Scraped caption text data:
- Opening Delimiter -

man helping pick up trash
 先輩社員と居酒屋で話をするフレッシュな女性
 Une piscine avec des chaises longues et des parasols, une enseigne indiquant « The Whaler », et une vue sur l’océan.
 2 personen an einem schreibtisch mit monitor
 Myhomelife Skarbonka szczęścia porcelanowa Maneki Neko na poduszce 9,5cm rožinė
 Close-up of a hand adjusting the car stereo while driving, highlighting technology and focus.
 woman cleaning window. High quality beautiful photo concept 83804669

- Closing Delimiter -

# HOW TO COMPLETE THIS TASK:
Write out the data above once more, exactly as it stands.

# RESULT OF THIS EXERCISE:
man helping pick up trash
 先輩社員と居酒屋で話をするフレッシュな女性
 Une piscine avec des chaises longues et des parasols, une enseigne indiquant « The Whaler », et une vue sur l’océan.
 2 personen an einem schreibtisch mit monitor
 Myhomelife Skarbonka szczęścia porcelanowa Maneki Neko na poduszce 9,5cm rožinė
 Close-up of a hand adjusting the car stereo while driving, highlighting technology and focus.
 woman cleaning window. High quality beautiful photo concept 83804669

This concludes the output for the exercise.